Dr. AL-KHADI: But the truth is that who suffered most from this are the Sunnis. They've been thrown out of more areas than the Shiites in Baghdad.
FLINTOFF: Shiites tell the story differently. This is Omar Hamid al-Tayih(ph), a former army officer who's now unemployed.
Mr. OMAR HAMID AL-TAYIH (Former Iraqi Army Officer): (Through translator) Shiites were getting kidnapped, tortured, slaughtered and forced to leave their homes, so the Mahdi Army intervened. They are a group of the Iraqi people who protect the Iraqis from the takfiriyin, and they manage to control my neighborhood.
FLINTOFF: The Mahdi Army is the large Shiite militia that's loyal to anti-American cleric Moqtada al-Sadr. Takfiriyin is what Shiites call Sunni militia members, literally, excommunicators who regard Shiites as infidels deserving of death.
Al-Tayih and many other Shiites tell this story, which is unconfirmed, as justification for expelling Sunnis.
Mr. AL-TAYIH: (Through Translator) After they purified the Dola'ai(ph) neighborhood, the Mahdi Army entered a Sunni mosque called al-Mukhminin(ph), and they found torture stuff there - ropes, slaughter tools, things like that.
FLINTOFF: People from the two sides don't agree on who started it, but they do agree on how the forced expulsions are carried out. Again, Sunni lawmaker Emil al-Khadi.
Dr. AL-KHADI: (Through translator) First, they'll throw notes at the house, accusing the family of being terrorists and things like that. The threats say they should get out or they'll be kidnapped or killed. If one family gets out, the rest are afraid and so they all leave the area.
FLINTOFF: Both sides also tell stories of members of a different sect coming to the aid of their neighbors. Khadi tells other Sunni family that fought off militia attackers for an hour until they ran out of ammunition. She says they then took refuge with Shiite neighbors who refused to hand them over to the gunmen.
Mohammad Jazim(ph) is a Shiite from the Dola'ai neighborhood, which has seen the expulsion of most of its Sunni families. He says Shiite families are protecting the houses of departed Sunni friends.
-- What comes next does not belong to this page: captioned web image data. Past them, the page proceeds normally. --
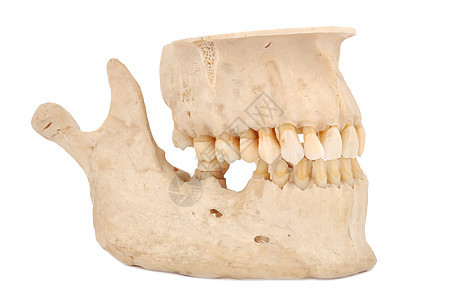 人的下巴树桩石膏口腔科臼齿卫生牙医宏观保健实验室牙齿图片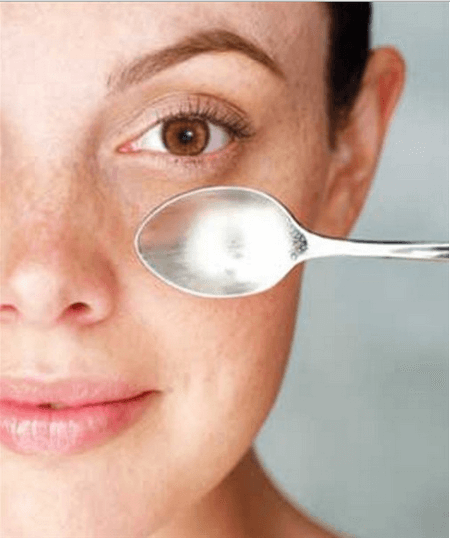 Woman doing the cold spoon treatment to reduce dark circles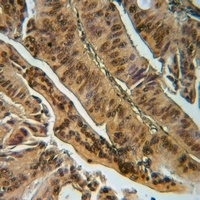 Anti-EYA1 Antibody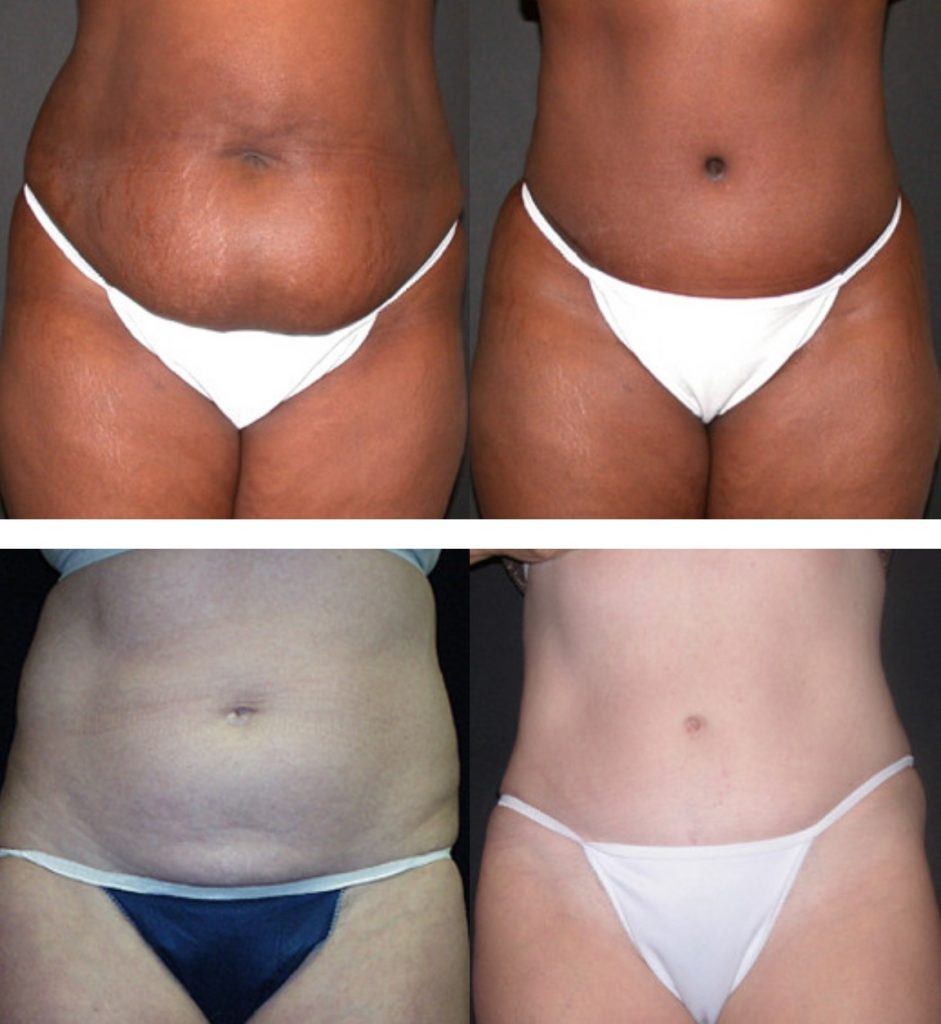 Tummy Tuck Before After Photos  Orlando Florida Best Plastic Surgeon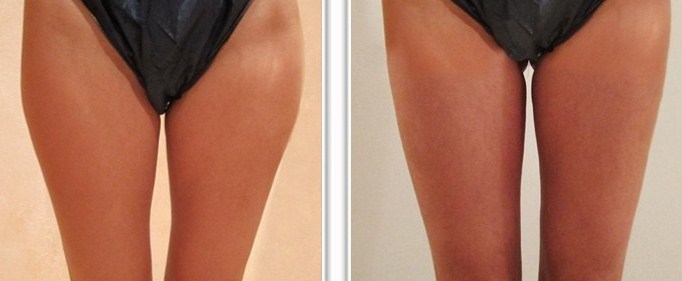 Liposuccion des faces internes et externes des cuisses (culotte de cheval)
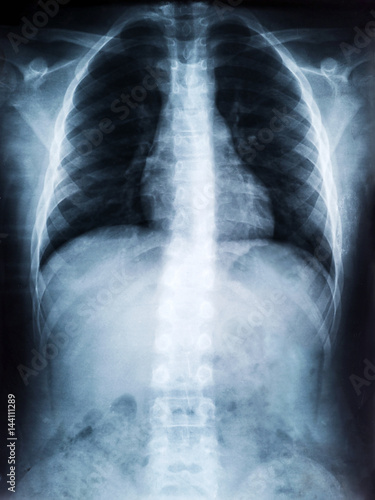 X-ray Film of Human Spine for Medical Diagnosis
Mr. MOHAMMAD JAZIM (Resident, Dola'ai Neighborhood): (Through translator) But let me tell you about my street. There was strong friendship between the neighbors, so they rented the Sunni houses to prevent them from being stolen or confiscated by the Mahdi Army.
FLINTOFF: The process of forced expulsion has escalated in some neighborhoods with bigger groups of militia fighters skirmishing in the streets. That kind of fighting broke out a little over a week ago in the northwest Baghdad neighborhood of Haria(ph). The neighborhood is mixed, but dozens of Sunni families have been forced out in recent weeks.
Ten days ago, Mahdi Army militia fighters stormed into what local people say was the last cluster of Sunni homes in the area. Sunni gunmen battled the invaders for about five hours. But in the end, around 100 Sunni families formed a convoy, then moved out of the area under cover of darkness.
Mr. ASHRAF AL-KHALIDI (Co-Author of Report on Sectarian Violence): This is about Shia militias called Mahdi Army against Sunni armed men, or insurgents, or whatever you call them. The prime victims of this war of course are the people.
FLINTOFF: Ashraf al-Khalidi is the co-author of a report on sectarian violence prepared for the Brookings Institution. He insists that the conflict is not really a social or sectarian struggle but a fight for power engineered by politicians who are using the sectarian divide for their own ends.
Mr. AL-KHALIDI: The problem with us now, we don't have political leaders with enough, let's say, popularity within their communities. The only thing that empowers them is the sectarian issue. They won't stop. They just won't stop. They want it all.
FLINTOFF: Khalidi says he thinks people of both sects would accept a political solution, but that unlike the powerful Shiite coalition, the Sunnis don't have a unified political group that can negotiate in their name.
If the two sides can't reach a political settlement, the results could be dire. During a visit to Washington last week, Iraqi Vice President Tariq al-Hashemi, a Sunni, warned that, like Somalia, his country could be wrenched into polarized enclaves.
Mr. TARIQ AL-HASHEMI (Vice-President, Iraq): We would have at least two extremist anti-American ministers in Iraq, one aligned with Iran in the south and another like Taliban in the center. Both ministers will cause chaos and (unintelligible) in the neighboring states.
FLINTOFF: Ashraf al-Khalidi says the neighboring states and the United States have already created hell in Iraq with what he calls their meddling. Far from engaging Iran and Syria, as the Iraq Study Group recommends, Khalidi has one message for Iraq's neighbors.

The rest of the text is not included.